The power of control
Of the powers mentioned above, the power of control over the employee’s conduct is generally regarded as determinative of the existence of the employer-employee relationship [See: G.R. No. 95845]. Under the control test, such a relationship exist where the person for whom the services are performed reserves the right to control not only the end achieved, but also the manner and means used to achieve that end [See: D.O. No. 147-15]. Thus, if the power of control can be exercised only on the end result of the job, and not on the means as to how the job will be done, then the relationship is not that of an employer and employee. The relationship between them is merely contractual. For an employer-employee relationship to arise, there must be control on not just one, but on both the end result and the means to achieve such end.

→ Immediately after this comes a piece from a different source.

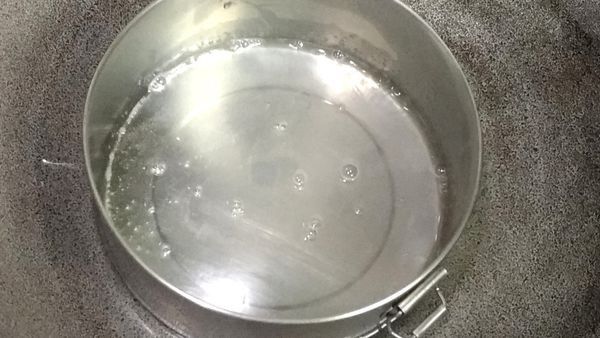 將吉利丁粉6克加入30克的冷水，隔水加熱讓它融化，擺在旁邊備用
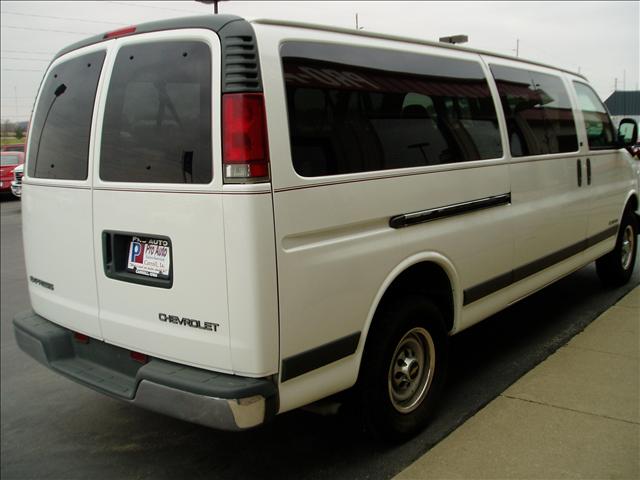 Chevrolet Express 2001 photo 2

Take note, however, that a line should be drawn between rules that merely serve as guidelines towards the achievement of the mutually desired result without dictating the means or methods to be employed in attaining it, and those that control or fix the methodology and bind or restrict the party hired to the use of such means. The first, which aim only to promote the result, create no employer-employee relationship unlike the second, which address both the result and the means to achieve it [See: G.R. No. 84484].
Evidence to prove the existence of the relationship
In labor cases, while respondent companies would normally try to prove the absence of employer-employee relationship, the opposite is true for the complainants who would try to prove the existence of employer-employee relationship.
In these instances, just bear in mind that there is no particular form of evidence required to prove the existence of such relationship. It may be documentary evidence, testimonial evidence, or any competent and relevant evidence available [See: G.R. No. 117495].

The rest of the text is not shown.